Sob pressão dos Estados Unidos, a Venezuela promulgou uma lei de anistia histórica em 19 de fevereiro por iniciativa da presidente interina, Delcy Rodríguez. A anistia não é automática, é preciso solicitá-la junto aos tribunais.
Delcy assumiu suas funções após a captura do presidente deposto Nicolás Maduro por forças americanas, em 3 de janeiro. Desde então, cerca de 700 presos políticos foram libertados.
"Somos mães como Maria, aos pés da dor, esperando justiça", "A dor de Maria vive em cada mãe que espera justiça na Venezuela", diziam cartazes que algumas mães levaram na manifestação.

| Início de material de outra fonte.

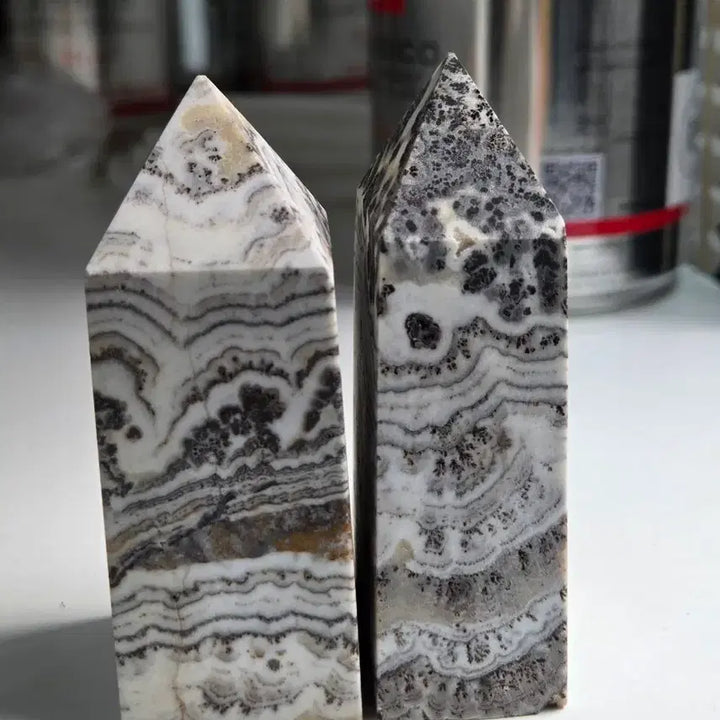 [BUNJANG] Dendritic Calcite Stone Tower (Set of 2) - Ink Wash Painting Style / [자연의 수묵화] 덴드릭 칼사이트 원석 타워 2종 (인테리어/명상 오브제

"Queremos pedir a mediação" do Vaticano, disse a jornalistas Andreína Baduel, filha do general Raúl Isaías Baduel, ex-aliado do presidente Hugo Chávez, morto em 2021 na prisão. Seu irmão, Josnars, está preso.
"Embora muitas famílias tenham se reencontrado, a dor não acabou para a maioria", disse. "Não apenas temos presos políticos, mas persistem as condições de horror para eles e para nós", declarou, pedindo para falar com representantes da nunciatura.
Outro grupo de familiares vestiu conjuntos esportivos em amarelo e azul, imitando o uniforme dos presos. Também cobriram os rostos com capuzes, similares aos usados durante suas visitas à prisão.
Diego Casanova, da ONG Comitê para a Libertação dos Presos Políticos (Clippve), descreveu o protesto desta sexta-feira como "uma procissão silenciosa que encena a dor e o sofrimento das mães venezuelanas, que hoje esperam seus entes queridos".
Marilú Novoa, mãe de Jhofre Ibrahim Vargas Novoa, um agente do serviço de Inteligência Sebin, preso desde janeiro de 2025, descreveu a situação que vivenciam como uma "Via Crucis".
"A Via Crucis fala do sofrimento que Jesus passou por seus filhos, Jesus morreu por todos nós, assim nós estamos lutando", afirmou, levando nas mãos um cartaz com o rosto de seu filho.
Ativistas dos direitos humanos qualificam a lei de anistia como um instrumento excludente, aplicado com discricionalidade e que não garante a reparação das vítimas. O balanço oficial mais recente registra 8.146 anistiados.
ONGs calculam que haja entre 500 e 700 pessoas presas por motivos políticos na Venezuela.